▸ ABOUT THIS TASK
Below this line are records; transcribe exactly the lines between the one holding "Женщина Наслаждающаяся Атлантическим" and the one holding "2025 Hyundai Tucson", inclusive, and omit the pictures.

▸ Short web captions
::::

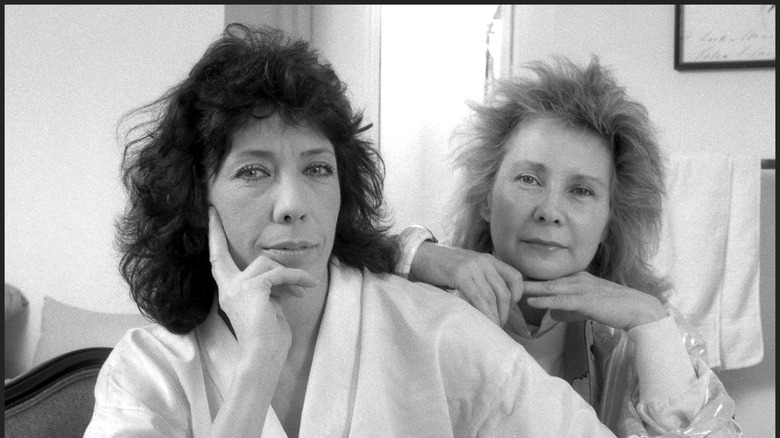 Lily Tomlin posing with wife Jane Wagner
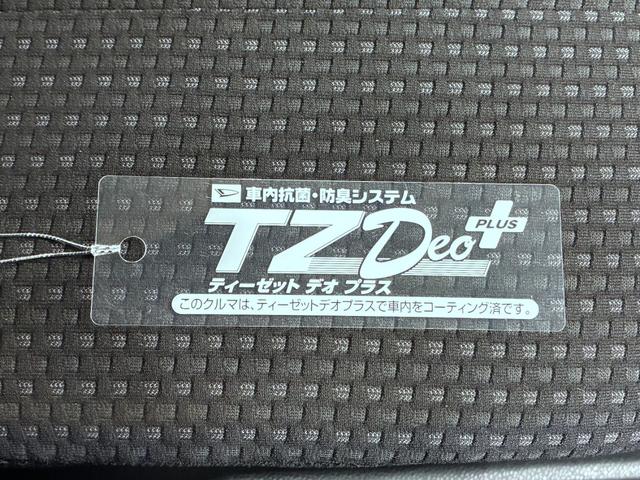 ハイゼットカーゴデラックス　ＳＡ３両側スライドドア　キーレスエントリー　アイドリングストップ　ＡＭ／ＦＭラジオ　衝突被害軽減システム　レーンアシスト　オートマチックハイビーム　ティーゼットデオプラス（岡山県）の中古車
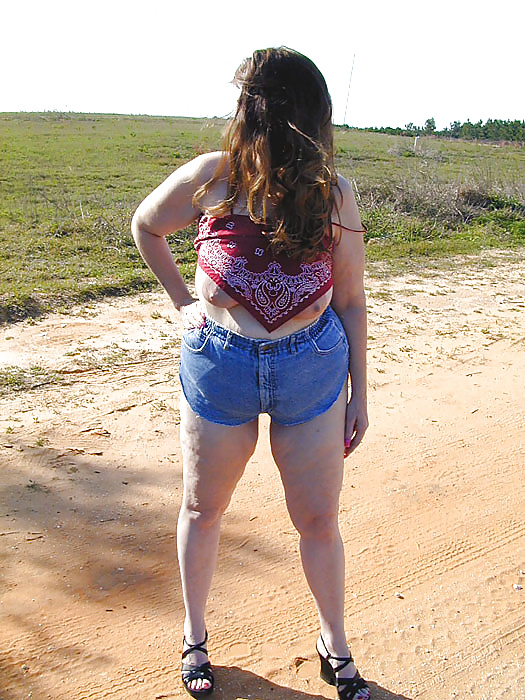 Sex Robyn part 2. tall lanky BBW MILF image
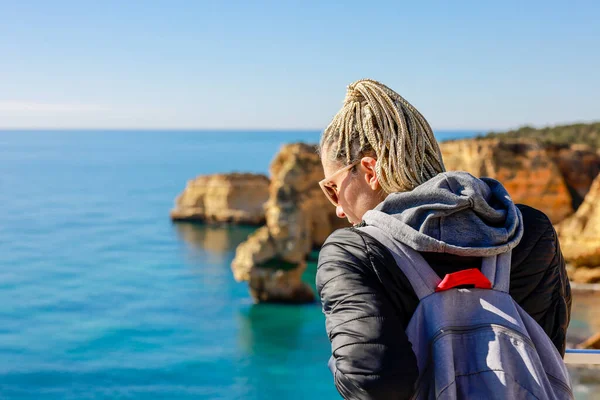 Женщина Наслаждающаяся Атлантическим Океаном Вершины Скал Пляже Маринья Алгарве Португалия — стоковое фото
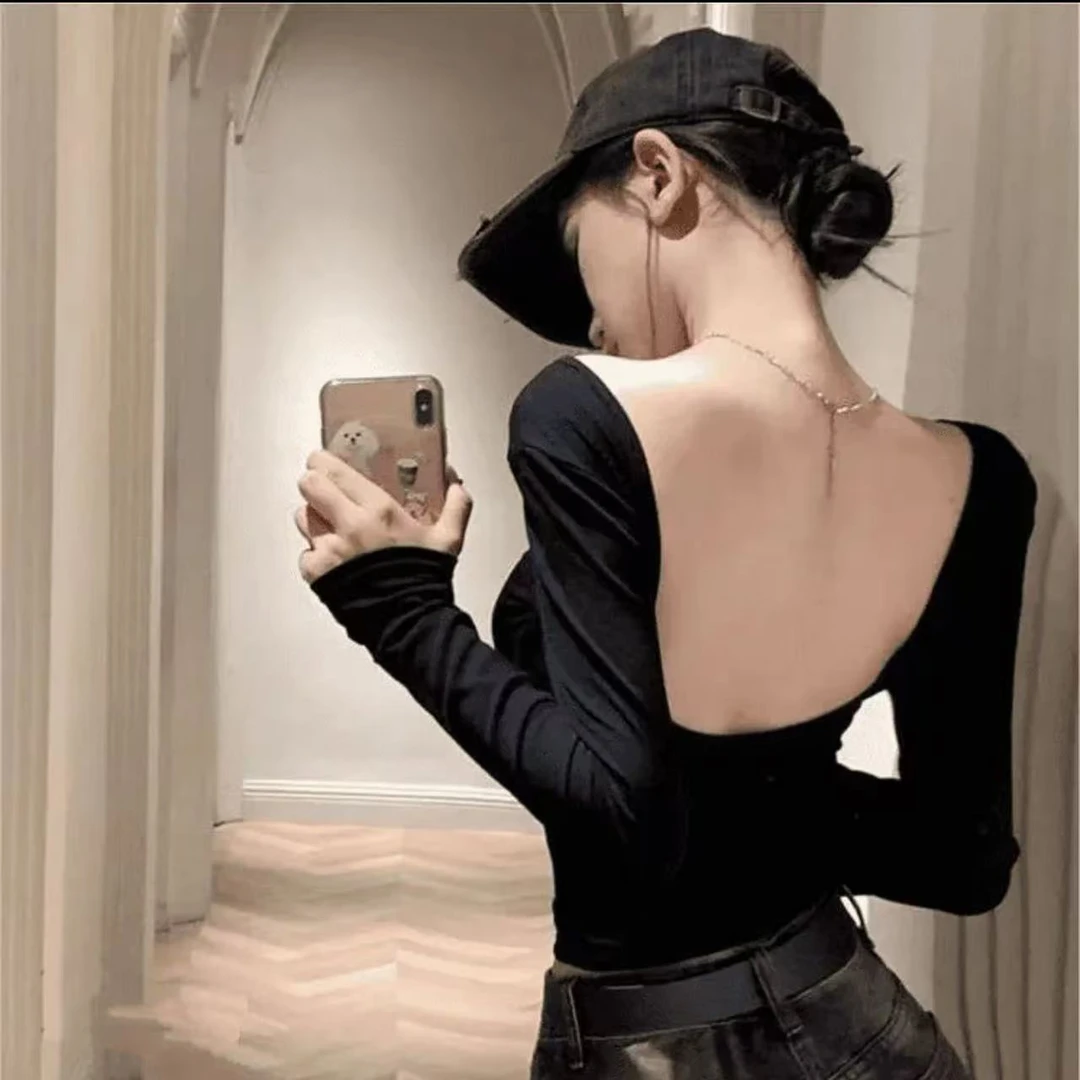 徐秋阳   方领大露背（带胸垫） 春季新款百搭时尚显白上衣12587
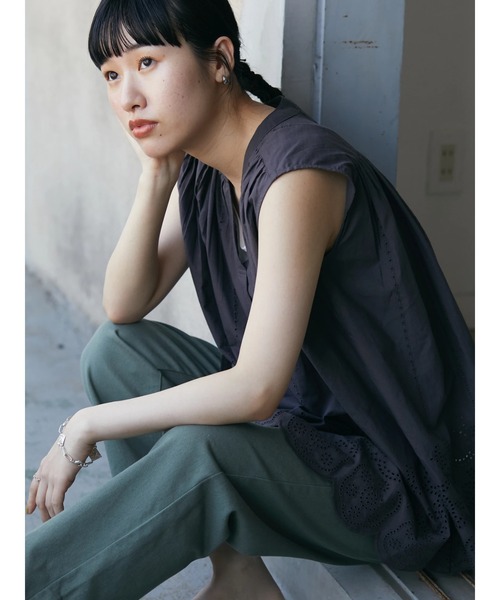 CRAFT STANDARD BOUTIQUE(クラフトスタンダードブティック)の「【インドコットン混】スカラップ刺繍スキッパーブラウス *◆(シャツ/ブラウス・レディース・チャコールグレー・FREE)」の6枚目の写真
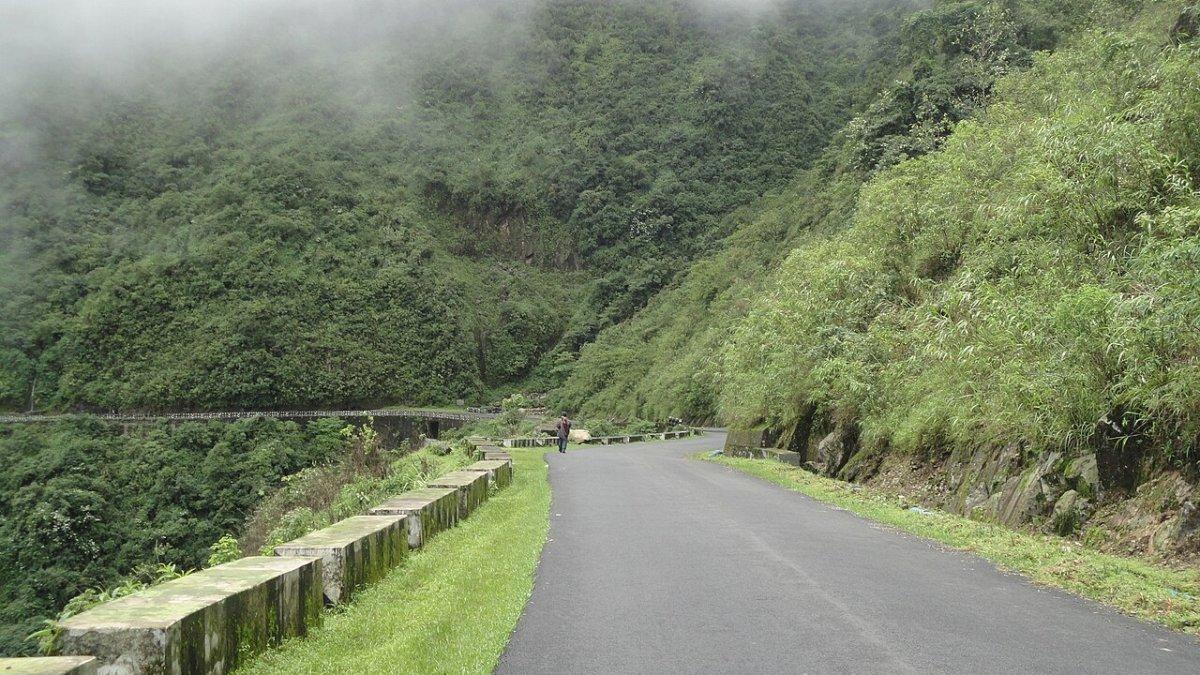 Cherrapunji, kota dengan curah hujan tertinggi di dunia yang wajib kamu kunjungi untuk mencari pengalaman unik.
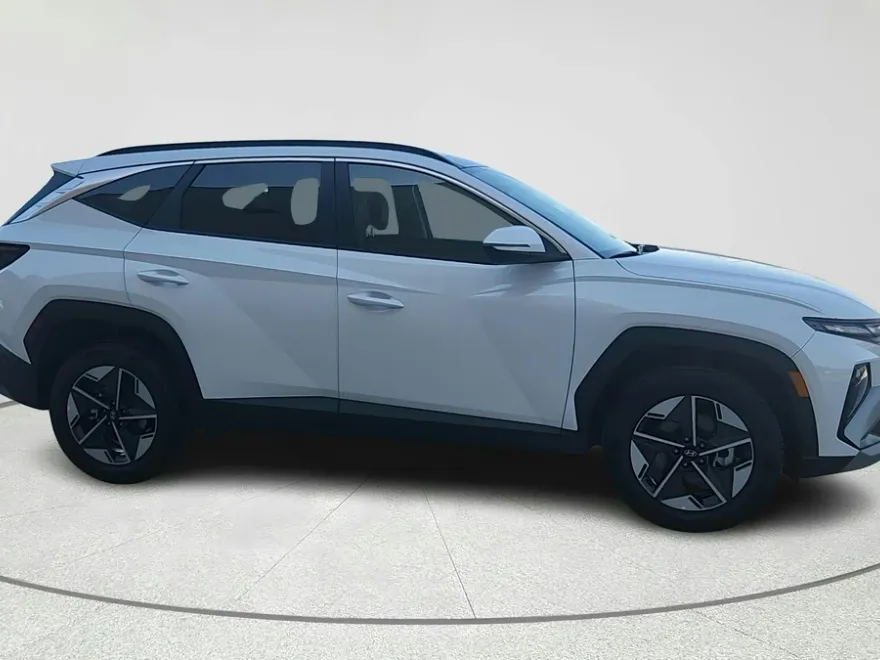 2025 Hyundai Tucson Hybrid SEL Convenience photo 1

::::

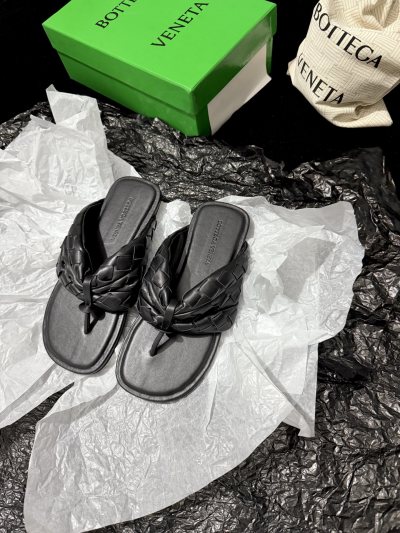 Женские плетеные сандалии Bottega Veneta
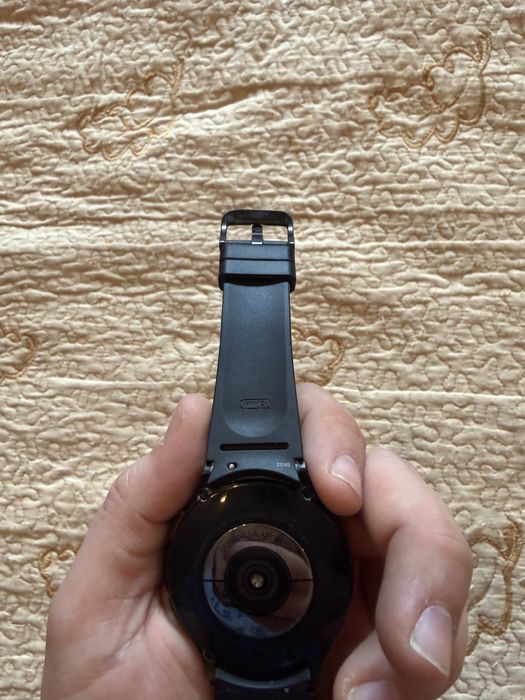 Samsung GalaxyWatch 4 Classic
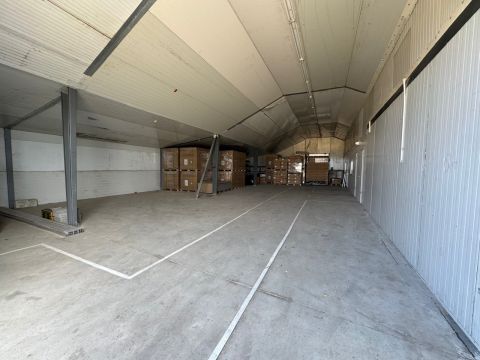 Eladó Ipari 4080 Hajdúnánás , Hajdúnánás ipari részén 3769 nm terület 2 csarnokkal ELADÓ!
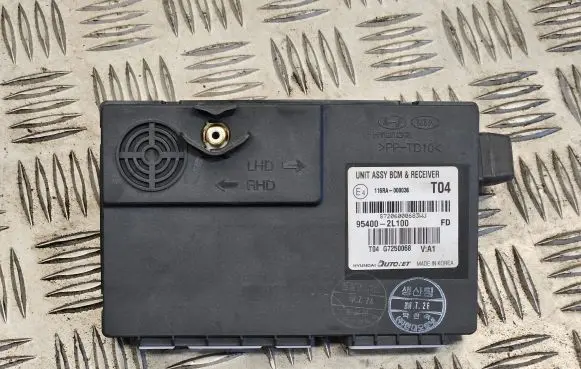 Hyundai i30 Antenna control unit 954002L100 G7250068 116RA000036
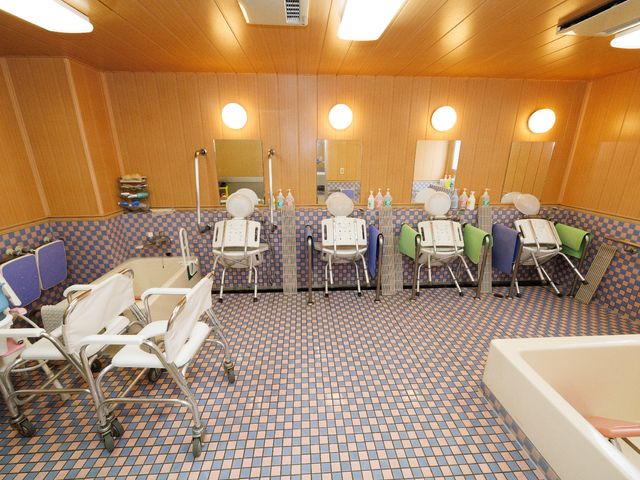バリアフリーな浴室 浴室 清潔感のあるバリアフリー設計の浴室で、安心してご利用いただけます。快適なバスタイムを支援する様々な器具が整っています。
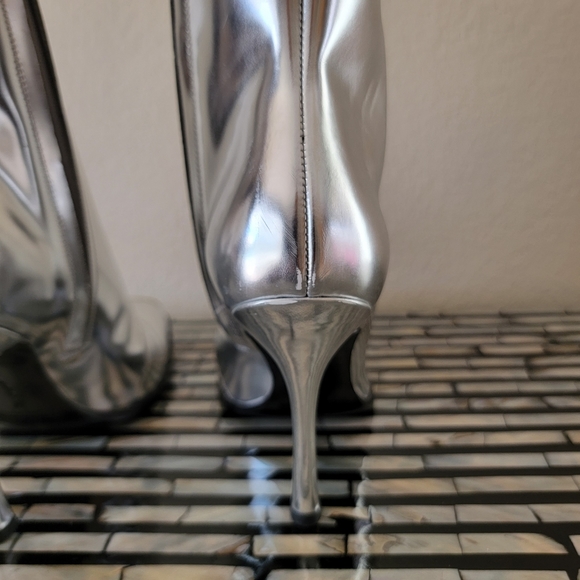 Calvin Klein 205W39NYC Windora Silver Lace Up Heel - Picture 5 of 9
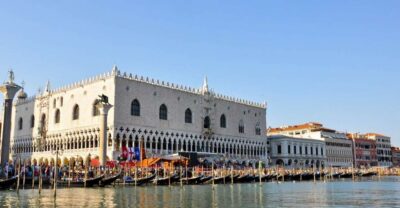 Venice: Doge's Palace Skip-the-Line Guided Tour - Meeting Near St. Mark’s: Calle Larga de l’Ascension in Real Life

::::

▸ RESPONSE FOR THIS EXERCISE
 Женщина Наслаждающаяся Атлантическим Океаном Вершины Скал Пляже Маринья Алгарве Португалия — стоковое фото
 徐秋阳   方领大露背（带胸垫） 春季新款百搭时尚显白上衣12587
 CRAFT STANDARD BOUTIQUE(クラフトスタンダードブティック)の「【インドコットン混】スカラップ刺繍スキッパーブラウス *◆(シャツ/ブラウス・レディース・チャコールグレー・FREE)」の6枚目の写真
 Cherrapunji, kota dengan curah hujan tertinggi di dunia yang wajib kamu kunjungi untuk mencari pengalaman unik.
 2025 Hyundai Tucson Hybrid SEL Convenience photo 1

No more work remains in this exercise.